Am 19.04.12 fand in Trier eine Tagung zu Opferrechten und dem Zusammenwirken der verschiedenen Professionen im Opferschutz statt. Eingeladen hatte der Weiße Ring in die Europäische Rechtsakademie. Unter dem Stichwort CABVIS (capacity building for EU crime victim support), beteiligten sich auch Opferschutzorganisationen anderer europäischer Länder, u.a. aus Portugal, Schottland, England um best practice und Weiterentwicklungs-möglichkeiten auszutauschen.

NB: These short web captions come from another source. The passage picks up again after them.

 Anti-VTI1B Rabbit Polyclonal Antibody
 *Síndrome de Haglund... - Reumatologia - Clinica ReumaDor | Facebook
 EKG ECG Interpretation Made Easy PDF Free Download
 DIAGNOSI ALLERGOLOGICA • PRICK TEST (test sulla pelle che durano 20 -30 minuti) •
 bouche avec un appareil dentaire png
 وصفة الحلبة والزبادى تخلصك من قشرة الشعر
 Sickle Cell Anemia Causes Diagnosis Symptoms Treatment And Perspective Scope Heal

Simultanübersetzer leisteten ganze Arbeit und die Tagung war gut organisiert. Workshops unter Leitung eines Psychologen, eines Strafrechtlers und einer Rechtsanwältin erarbeiteten Mindeststandards und Anregungen für den laufenden Prozess der "victims directive" eines Vorschlags für eine Richtlinie für Opferrechte und Opferhilfe KOM (2011)275, die von Frau Ingrid Bellander Todino, von der Europäischen Kommission dargestellt und vorgestellt wurde. Sie kann etwa in 3 Jahren in Kraft treten. Unter den Teilnehmern waren einige PsychologInnen; die VPP-Vertreterin  vertrat die PsychotherapeutInnen. Die Psychotherapie, als ein wichtiges Recht von Traumatisierten und psychisch Verletzten, konnte somit hervorgehoben werden.
Gute Kontakte zu relevanten Organisationen z. B. Versorgungsämtern,  Polizeipräsidien, Juristen, Regierungsstellen konnten geknüpft werden.
Im September 2012 kann an einen Sonntagabend 18 Uhr im ZDF eine Reportage über: Gewalt im Nachbarschaftsstreit, und ein Beispiel für den Umgang mit dem Traumatisieren in der Psychotherapie gesehen werden. Die Aufnahmen fanden erst kürzlich statt.